Due to the nature of their work, Policy teams care passionately about procedural fairness and transparency. They will demand the same when it’s time to select leads on the team, especially if you’re picking someone who’s already a teammate.

The above approach offers several benefits beyond finding the most suitable candidate. It also:

  • Helps identify any critical information or context that the selected candidate needs but doesn’t yet have;
  • Offers everyone on the team visibility into the caliber of the candidate’s thinking and abilities through the shared, anonymized Strategy doc; 
  • Gives ambitious but unqualified aspirants a private, face-saving way to realize they’re not quite ready for the role when they struggle to flesh out their strategy;
  • Crowdsources fresh ideas and insights from all applicants through their respective submissions;  
  • Increases employee engagement and job satisfaction when the successful candidate gets to implement elements of their strategy or incorporates ideas from other submissions;
  • Sets the selected candidate up for success because they already have a plan before they even step into the role.

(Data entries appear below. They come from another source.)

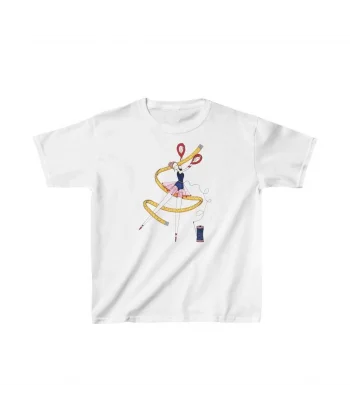 Unisex Çocuk Baskılı T-Shirt - Beyaz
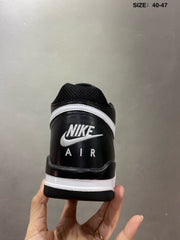 Nike Air Flight 89 Black and White Sneakers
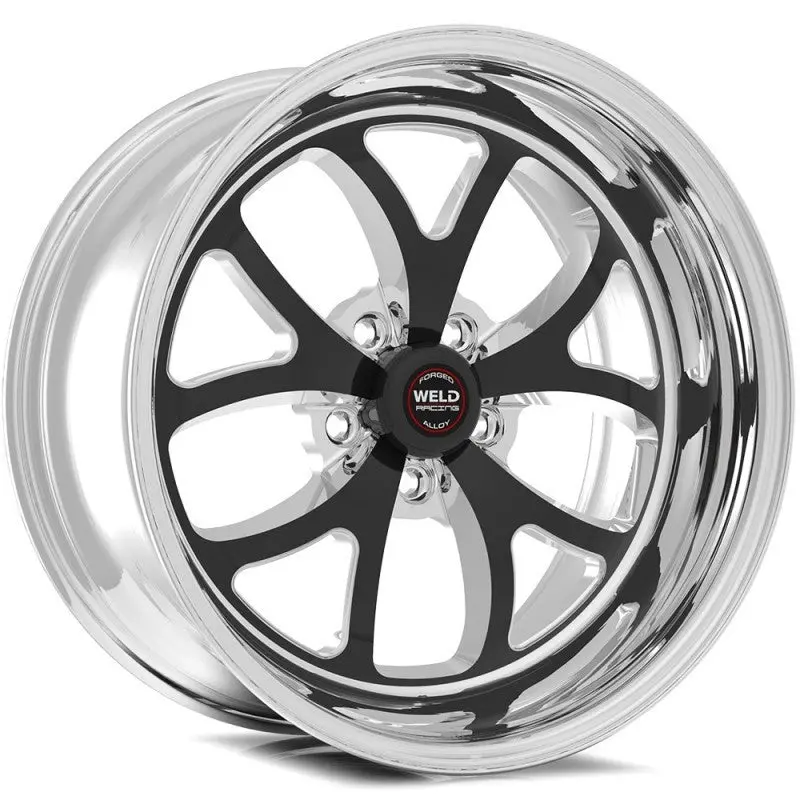 Weld S76 Single Beadlock Wheel – 17X10", 5X5", 7.2" Backspace, High-Pad Black Finish 1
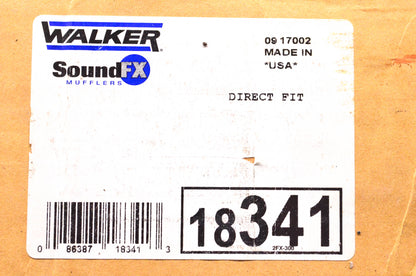 Walker 18341 Direct Fit Muffler NOS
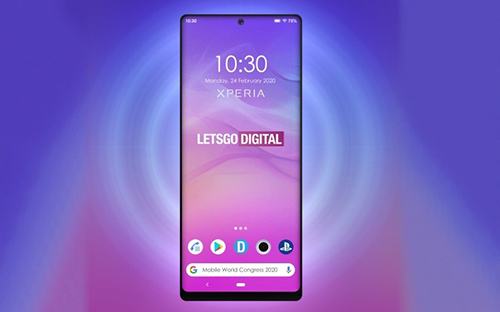 Sony sắp ra smartphone màn hình đục lỗ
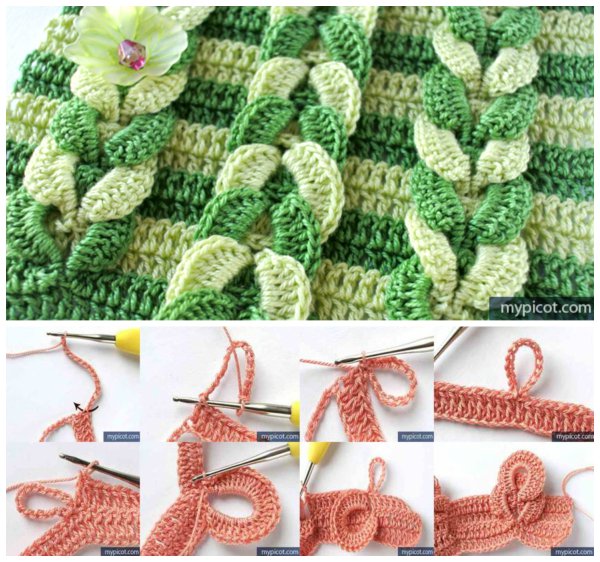 DIY Crochet Cable Stitch Free Pattern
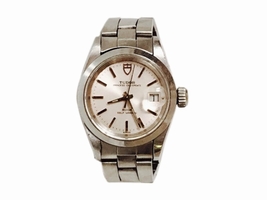 Vintage Tudor Princess Oysterdate Stainless Steel 25mm Womens Tudor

While these additional steps require more work than a typical selection process, I see this as a matter of choosing when and where you will expend your time and effort.

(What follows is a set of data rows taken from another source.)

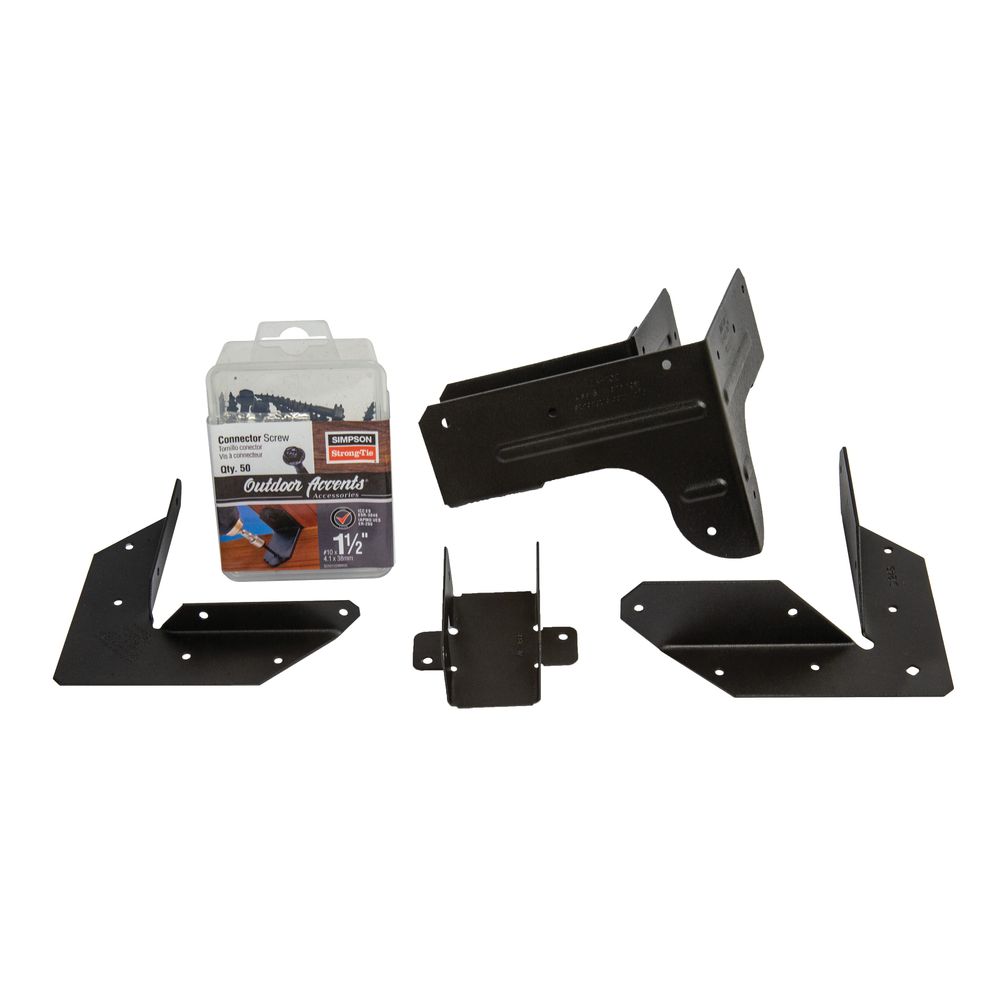 Simpson Strong-Tie #10 x 1-1/2 in. Hex Head Connector Screw
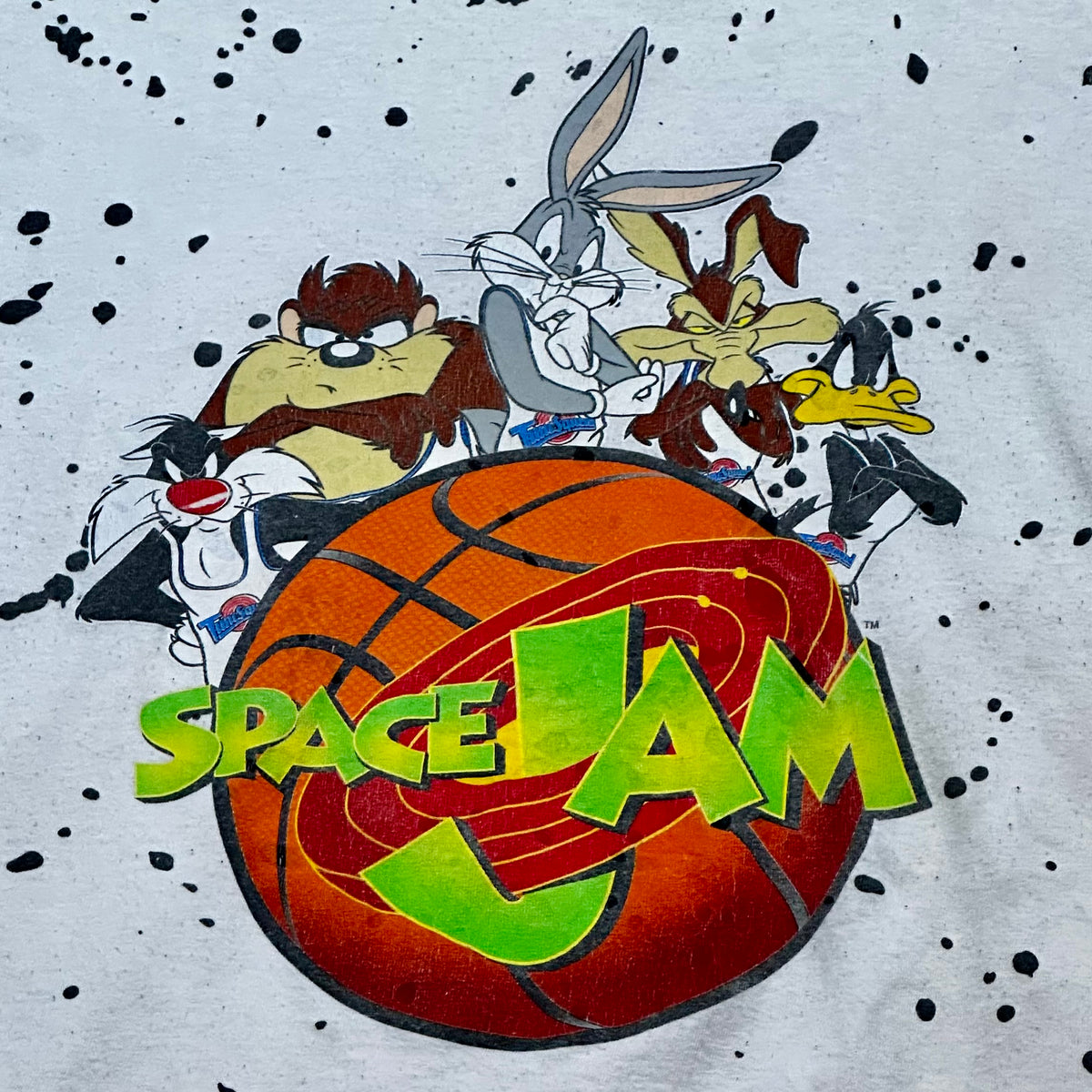Vintage 90s Space Jam Tshirt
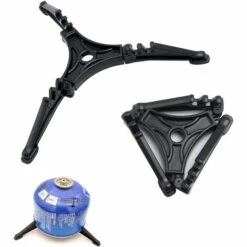 FR-LIFE BR-Vie Support De Réservoir De Gaz · Support De Réservoir De Gaz De Cuisine De Camping En Plein Air Support De Cartouche De Cartouche De Trépied, 2pcs Noir
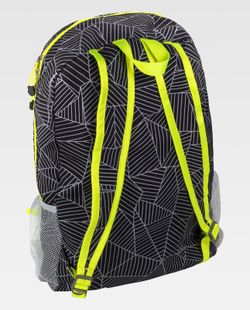 Mochila de color Estampado Negro+Amarillo Fluor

We can invest early on by strengthening the selection process, or we can expend as much (if not more!) energy later when we grapple with resentful accusations of favoritism or pick a candidate who’s not quite strategic enough for the role’s demands. I know which of these two pipers I’d rather pay.

Footnotes

  1. While this post focuses on the task of selecting from internal Policy Lead candidates, the same principles can be adapted and used to hire senior leads in other disciplines (e.g., Principal Application Architect, Chief of Staff, or Program Management Lead). The approach can also be modified to require a policy-writing assignment for screening external candidates. ↩︎
  2. I borrow the term “Tour of Duty” from the book The Alliance: Managing Talent in the Networked Age but use the term more loosely than the original concept proposed in the book.   ↩︎

Author’s note:  I am grateful to several people: LM—with whom I worked to first conceptualize and flesh out this approach; JFR—for trusting us enough to implement it; IR—for reminding me to focus on the ‘value add;’ and DH—for adding much-needed rigor. Any errors and omissions are mine.